Exercise instructions
Quote each line of the material verbatim, without the pictures.

Recorded information
^^^^
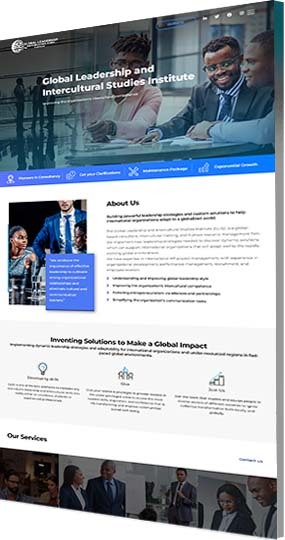 Glisi website Design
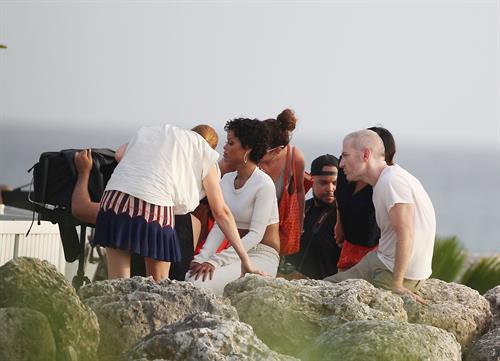 Rihanna poses on a photoshoot in Barbados - August 4, 2013 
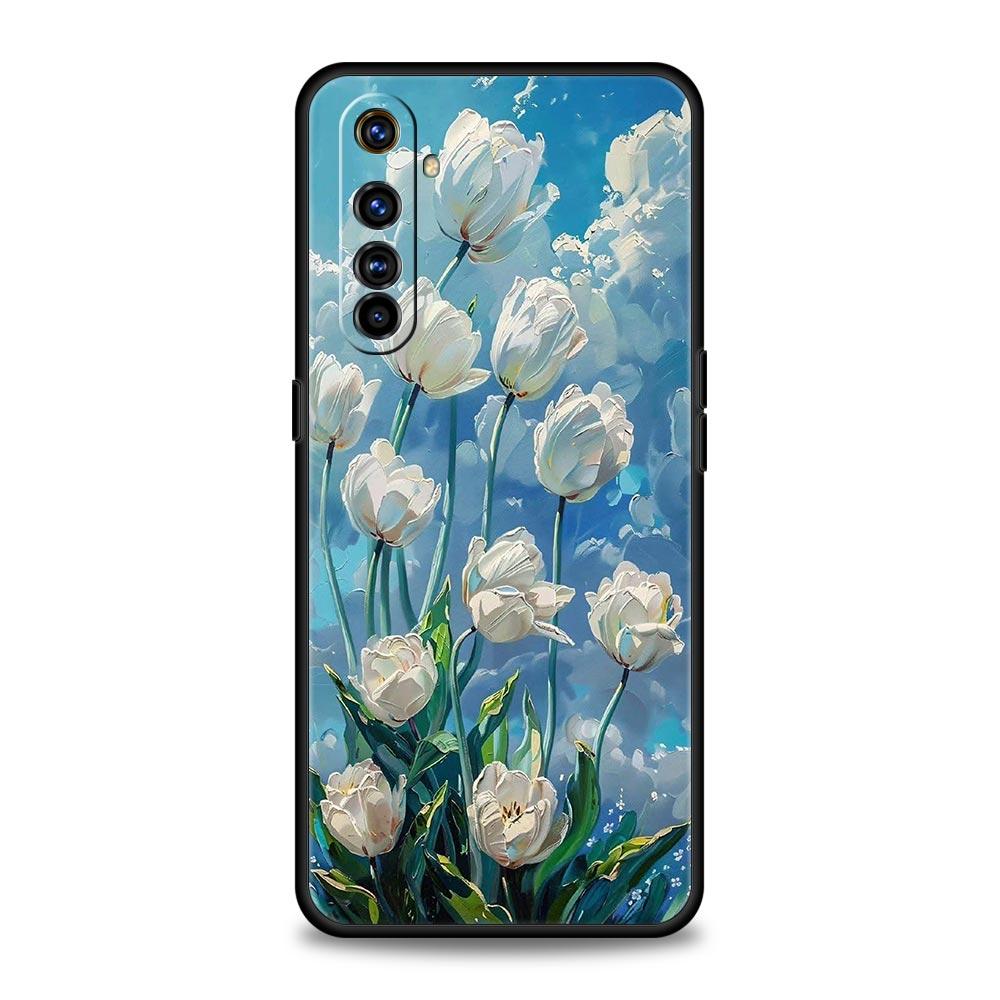 Чехол для телефона Claude Monet Garden Paint Art для Realme 13 12 10 9 8 7 GT3 GT5 GT2 Pro Plus 5G C21 C25 C35 GT Neo 2 3 3T 5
^^^^
Reply
 Glisi website Design
 Rihanna poses on a photoshoot in Barbados - August 4, 2013 
 Чехол для телефона Claude Monet Garden Paint Art для Realme 13 12 10 9 8 7 GT3 GT5 GT2 Pro Plus 5G C21 C25 C35 GT Neo 2 3 3T 5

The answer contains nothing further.